WHAT TO DO: Beginning with the first line, transcribe the entries below exactly through the line containing "2023 Toyota RAV4 XLE-9", inclusive.
++++
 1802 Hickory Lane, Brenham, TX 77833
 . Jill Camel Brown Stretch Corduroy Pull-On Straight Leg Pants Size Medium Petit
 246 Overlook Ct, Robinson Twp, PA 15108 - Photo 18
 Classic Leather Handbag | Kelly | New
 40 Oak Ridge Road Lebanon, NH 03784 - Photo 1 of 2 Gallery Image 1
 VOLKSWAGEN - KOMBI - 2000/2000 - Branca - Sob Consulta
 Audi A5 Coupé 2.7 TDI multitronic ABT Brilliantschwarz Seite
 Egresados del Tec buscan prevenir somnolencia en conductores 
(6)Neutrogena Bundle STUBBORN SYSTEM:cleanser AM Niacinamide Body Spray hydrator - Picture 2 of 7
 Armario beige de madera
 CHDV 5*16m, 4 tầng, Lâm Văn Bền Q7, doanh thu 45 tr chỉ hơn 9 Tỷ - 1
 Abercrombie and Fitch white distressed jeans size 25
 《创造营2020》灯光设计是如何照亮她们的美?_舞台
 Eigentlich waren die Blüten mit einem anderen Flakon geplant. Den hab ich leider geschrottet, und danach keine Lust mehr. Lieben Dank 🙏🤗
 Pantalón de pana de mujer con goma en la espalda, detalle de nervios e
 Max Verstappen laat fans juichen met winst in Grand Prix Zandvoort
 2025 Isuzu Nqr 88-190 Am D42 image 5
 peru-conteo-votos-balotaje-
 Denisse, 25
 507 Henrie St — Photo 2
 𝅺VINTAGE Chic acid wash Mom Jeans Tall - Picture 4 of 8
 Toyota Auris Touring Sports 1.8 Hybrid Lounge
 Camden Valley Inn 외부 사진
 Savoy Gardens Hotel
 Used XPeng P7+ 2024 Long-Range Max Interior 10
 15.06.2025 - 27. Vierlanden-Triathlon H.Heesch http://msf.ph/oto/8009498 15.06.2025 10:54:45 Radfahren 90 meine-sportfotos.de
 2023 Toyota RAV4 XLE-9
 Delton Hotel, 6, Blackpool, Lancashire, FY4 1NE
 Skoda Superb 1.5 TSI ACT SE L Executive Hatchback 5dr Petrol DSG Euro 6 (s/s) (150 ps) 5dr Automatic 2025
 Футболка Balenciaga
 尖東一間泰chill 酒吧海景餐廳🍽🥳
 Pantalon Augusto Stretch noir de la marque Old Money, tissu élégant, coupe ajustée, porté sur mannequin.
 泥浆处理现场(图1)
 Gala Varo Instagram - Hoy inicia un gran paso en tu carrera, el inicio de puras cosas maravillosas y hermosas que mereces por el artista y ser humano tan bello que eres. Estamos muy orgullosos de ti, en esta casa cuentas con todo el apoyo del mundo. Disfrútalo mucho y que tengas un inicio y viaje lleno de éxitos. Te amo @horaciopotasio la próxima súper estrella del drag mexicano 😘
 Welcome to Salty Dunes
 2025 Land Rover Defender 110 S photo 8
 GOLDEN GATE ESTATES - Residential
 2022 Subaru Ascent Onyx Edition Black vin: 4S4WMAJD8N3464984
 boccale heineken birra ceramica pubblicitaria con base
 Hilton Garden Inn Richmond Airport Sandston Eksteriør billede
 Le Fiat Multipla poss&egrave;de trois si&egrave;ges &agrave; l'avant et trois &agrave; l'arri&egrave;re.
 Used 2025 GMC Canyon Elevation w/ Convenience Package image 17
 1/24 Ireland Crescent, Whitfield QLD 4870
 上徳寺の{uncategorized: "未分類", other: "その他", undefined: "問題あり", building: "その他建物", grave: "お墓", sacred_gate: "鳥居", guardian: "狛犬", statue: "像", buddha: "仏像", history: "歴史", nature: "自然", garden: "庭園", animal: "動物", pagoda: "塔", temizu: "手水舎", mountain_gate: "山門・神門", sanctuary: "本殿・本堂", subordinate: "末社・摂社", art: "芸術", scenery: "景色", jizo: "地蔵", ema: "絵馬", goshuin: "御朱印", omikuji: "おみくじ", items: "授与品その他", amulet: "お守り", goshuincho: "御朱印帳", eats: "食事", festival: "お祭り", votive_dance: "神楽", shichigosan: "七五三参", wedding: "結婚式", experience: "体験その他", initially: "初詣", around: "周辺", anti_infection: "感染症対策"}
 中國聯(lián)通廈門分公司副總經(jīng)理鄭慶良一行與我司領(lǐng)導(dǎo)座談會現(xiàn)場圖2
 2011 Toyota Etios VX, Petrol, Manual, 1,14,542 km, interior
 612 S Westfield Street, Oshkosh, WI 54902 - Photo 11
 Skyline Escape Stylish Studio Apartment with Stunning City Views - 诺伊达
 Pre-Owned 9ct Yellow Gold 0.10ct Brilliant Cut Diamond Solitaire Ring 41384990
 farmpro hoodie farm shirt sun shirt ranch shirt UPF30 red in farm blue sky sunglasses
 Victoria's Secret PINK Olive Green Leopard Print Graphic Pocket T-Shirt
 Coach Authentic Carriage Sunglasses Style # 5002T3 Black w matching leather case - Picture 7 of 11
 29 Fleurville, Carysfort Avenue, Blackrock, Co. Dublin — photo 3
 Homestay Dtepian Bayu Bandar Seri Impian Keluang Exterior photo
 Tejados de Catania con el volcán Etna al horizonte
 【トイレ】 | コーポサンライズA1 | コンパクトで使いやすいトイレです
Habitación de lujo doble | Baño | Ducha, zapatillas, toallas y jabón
++++
RESPONSE AREA:
 1802 Hickory Lane, Brenham, TX 77833
 . Jill Camel Brown Stretch Corduroy Pull-On Straight Leg Pants Size Medium Petit
 246 Overlook Ct, Robinson Twp, PA 15108 - Photo 18
 Classic Leather Handbag | Kelly | New
 40 Oak Ridge Road Lebanon, NH 03784 - Photo 1 of 2 Gallery Image 1
 VOLKSWAGEN - KOMBI - 2000/2000 - Branca - Sob Consulta
 Audi A5 Coupé 2.7 TDI multitronic ABT Brilliantschwarz Seite
 Egresados del Tec buscan prevenir somnolencia en conductores 
(6)Neutrogena Bundle STUBBORN SYSTEM:cleanser AM Niacinamide Body Spray hydrator - Picture 2 of 7
 Armario beige de madera
 CHDV 5*16m, 4 tầng, Lâm Văn Bền Q7, doanh thu 45 tr chỉ hơn 9 Tỷ - 1
 Abercrombie and Fitch white distressed jeans size 25
 《创造营2020》灯光设计是如何照亮她们的美?_舞台
 Eigentlich waren die Blüten mit einem anderen Flakon geplant. Den hab ich leider geschrottet, und danach keine Lust mehr. Lieben Dank 🙏🤗
 Pantalón de pana de mujer con goma en la espalda, detalle de nervios e
 Max Verstappen laat fans juichen met winst in Grand Prix Zandvoort
 2025 Isuzu Nqr 88-190 Am D42 image 5
 peru-conteo-votos-balotaje-
 Denisse, 25
 507 Henrie St — Photo 2
 𝅺VINTAGE Chic acid wash Mom Jeans Tall - Picture 4 of 8
 Toyota Auris Touring Sports 1.8 Hybrid Lounge
 Camden Valley Inn 외부 사진
 Savoy Gardens Hotel
 Used XPeng P7+ 2024 Long-Range Max Interior 10
 15.06.2025 - 27. Vierlanden-Triathlon H.Heesch http://msf.ph/oto/8009498 15.06.2025 10:54:45 Radfahren 90 meine-sportfotos.de
 2023 Toyota RAV4 XLE-9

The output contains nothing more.